To calculate market risk, PZU needed to process data in disparate formats from about a dozen internal accounting and trading systems. Unable to find a commercially available market risk solution capable of meeting its needs, the PZU risk modeling group considered several options for developing its own. One option was a software package for symbolic mathematical computation, but this software lacked the file handling and error checking capabilities the group needed.
The group had previously developed risk models using Visual Basic for Applications (VBA), but found several drawbacks with this approach. The difficulties with VBA ranged from irksome—the switching of month and day in date handling, for example—to more serious concerns about the results of optimization solvers.
The group needed a development environment that nonprogrammers could use to develop a complete, production-ready market risk solution—from data collection and cleaning to risk modeling, Monte Carlo simulation, and VaR calculation. They wanted to accelerate calculations by taking advantage of multicore processors for parallel computing.
PZU used MATLAB to build a comprehensive market risk model.
Working in MATLAB with Statistics and Machine Learning Toolbox™, Nowicki developed algorithms to import and clean data from a variety of sources, including accounting and trading data from internal PZU systems and time series market data from Bloomberg. After checking the data for outliers and errors, the algorithms join the data from all sources and convert it into a standardized format.
Nowicki developed a time series market risk model in MATLAB based on GARCH processes and used the cleaned data to calibrate it. For each time series (including interest rates, equities, currencies, and indexes), the model evaluates PZU’s current position. For bonds with coupons, the model calculates cash flow dates using Financial Toolbox™.
Nowicki used the MATLAB nonlinear optimization function fminsearch to fit the probability density function in the market risk model, minimizing differences between the real and expected probability densities.
To speed these optimizations, Nowicki used Parallel Computing Toolbox™ to execute them concurrently on an eight-core processor.

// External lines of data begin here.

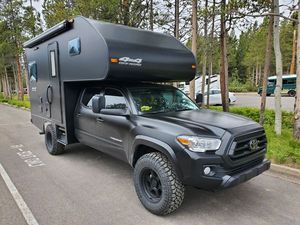 Camper 4x4 à glissière pour pick-up avec toit pliable, remorque légère tout-terrain, tente de toit avec auvent pour le camping et les voyages en plein air - Product Image 3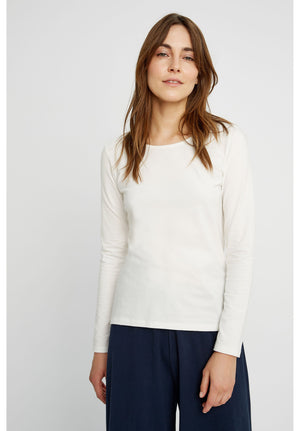 Fallon Long Sleeve Top in White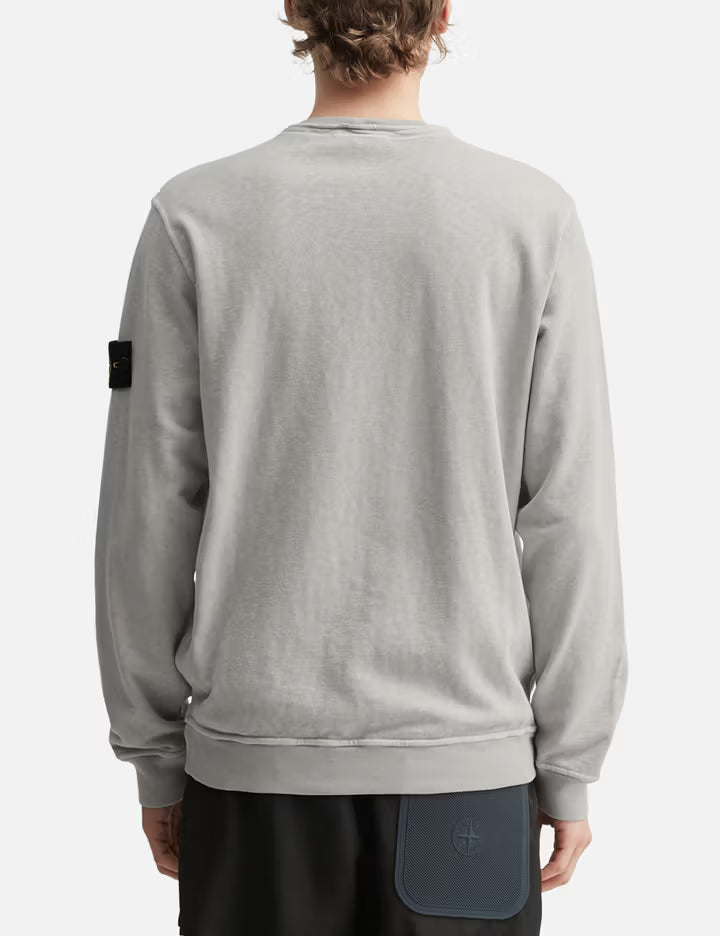 Malfilé Fleece 'Old' Effect Crewneck Sweatshirt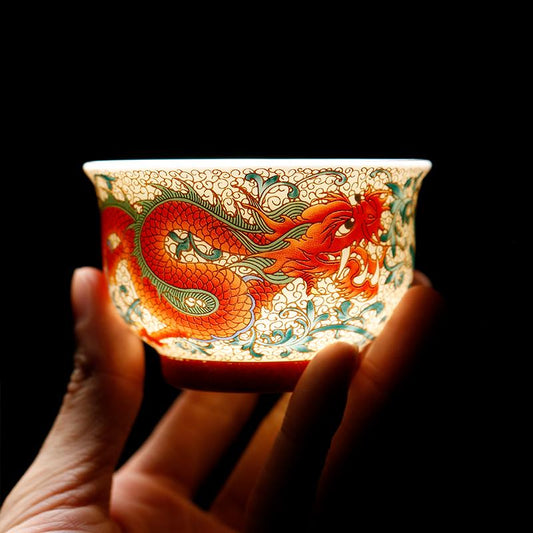 Enamel Dragon - Kingwares Tea Cups - Kingwares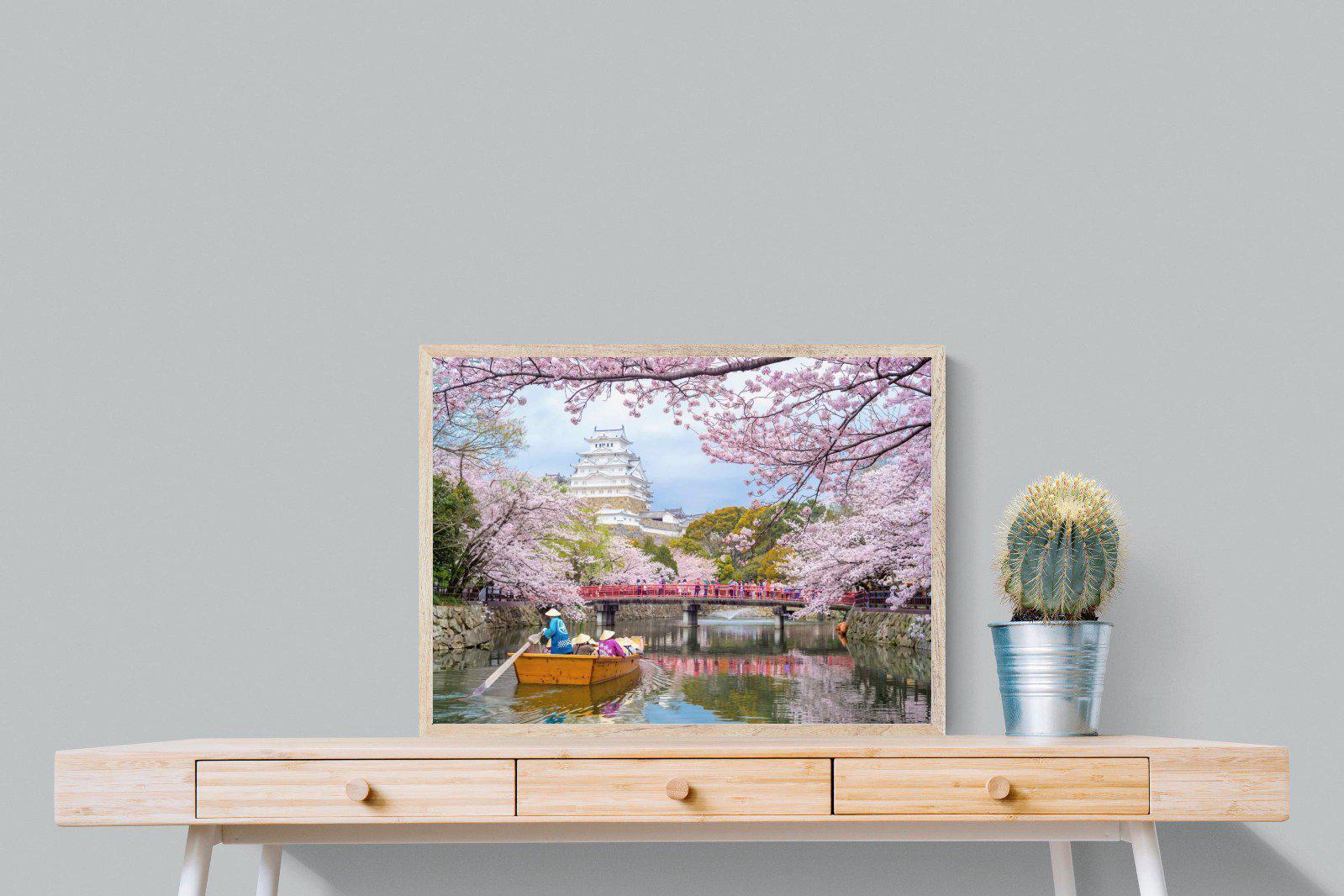 Himeji Castle-Wall_Art-80 x 60cm-Mounted Canvas-Wood-Pixalot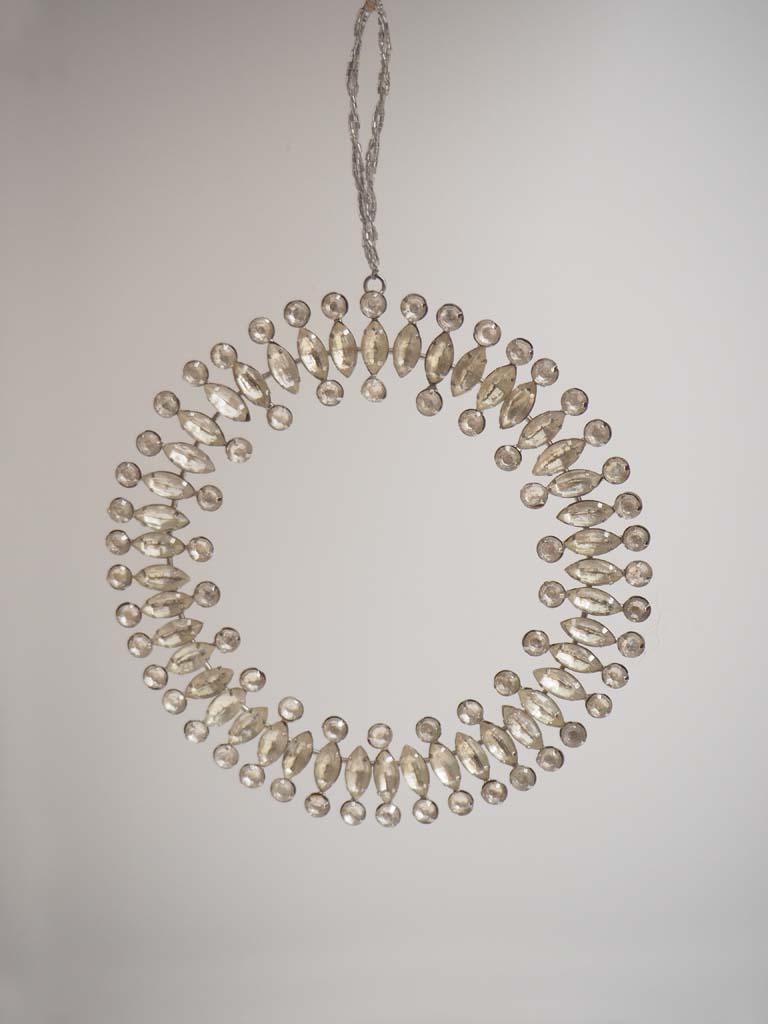 Hanging diamonds wreath ornament - 1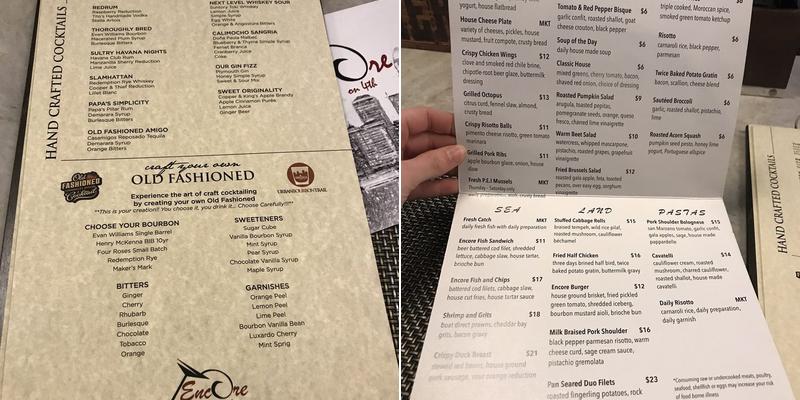 Encore Menu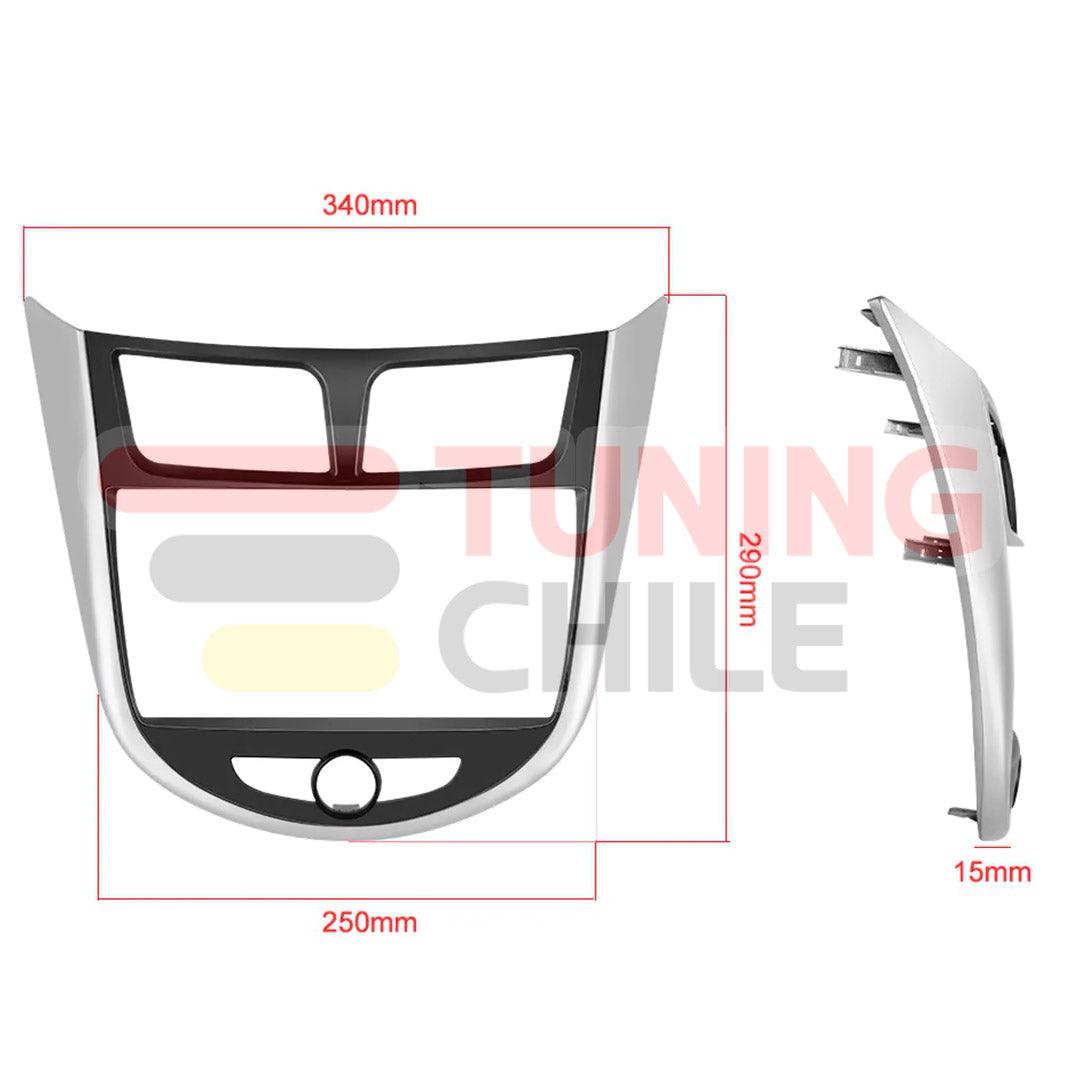 Bisel Adaptador Radio 9 Hyundai Accent 2010-2016 + Ramal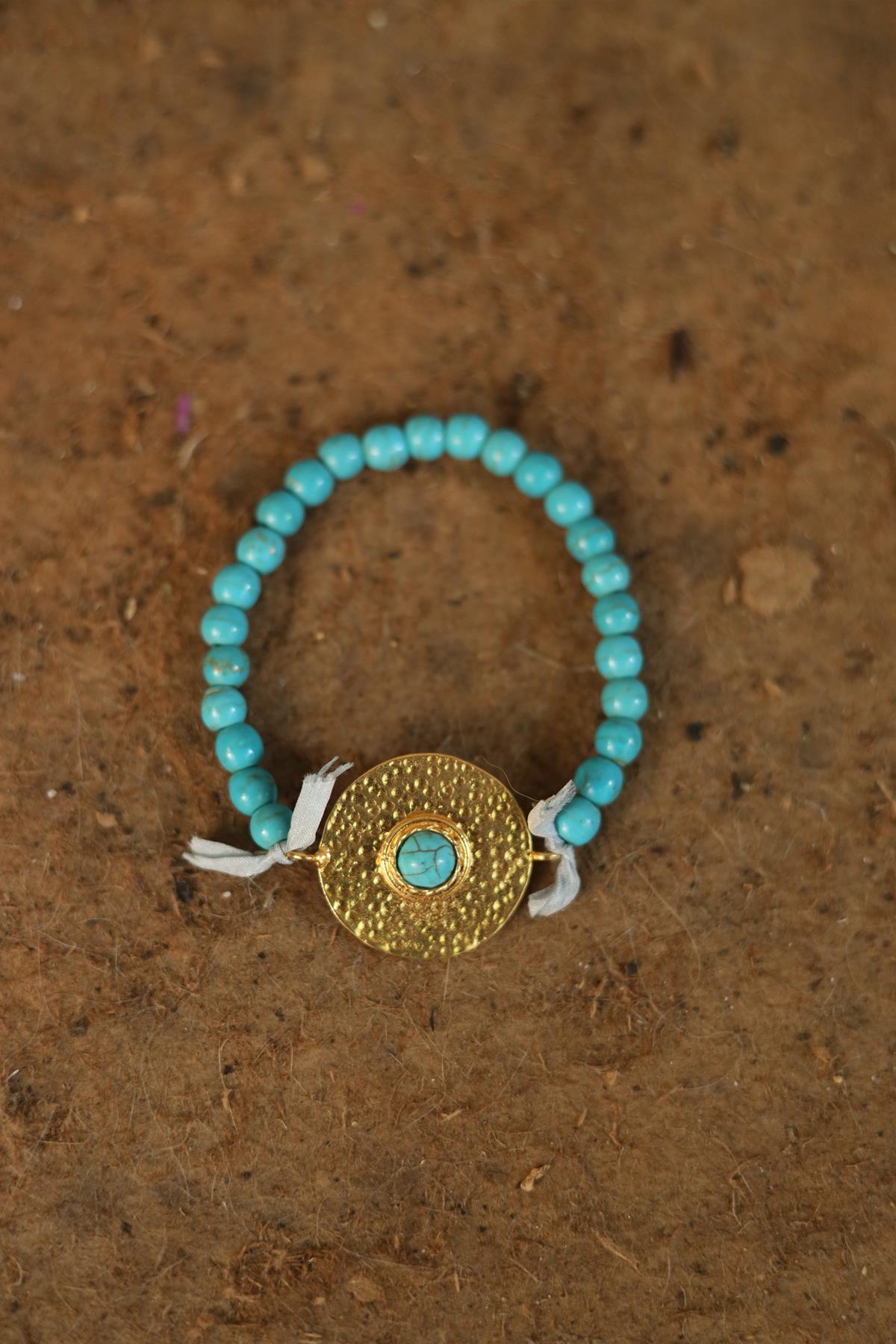 Turquoise Detailed Bracelet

After running Monte Carlo simulations in MATLAB using the model, Nowicki’s algorithms price PZU instruments, evaluate the company’s positions, and calculate VaR.
As a final step, Nowicki created an interface that other analysts can use to run the model and visualize results even if they have no experience with MATLAB. This interface and the underlying model are now used in production at PZU.
- Market risk model development accelerated. “Using multiple tools to develop a financial model can be time-consuming and cause communication difficulties,” says Nowicki. “Development is faster with MATLAB because I can do everything under one roof, including collecting data, making connections with external systems and providers, cleaning the data, performing mathematical calculations and optimizations, and reporting results.”
- Production system delivered by nonprogrammer. “My background is in economics, not programming,” notes Nowicki. “Even though I don’t consider myself a great programmer, MATLAB enabled me to apply my expertise in finance to develop a proprietary market risk model that no vendor could provide for us.”
- Calculation times cut by up to 85%. “When I started optimizing multiple time series at once with Parallel Computing Toolbox, processing time dropped from more than a minute to less than 10 seconds,” says Nowicki. “I was astonished to find that complex optimizations were now taking less time to complete than the data collection and cleaning.”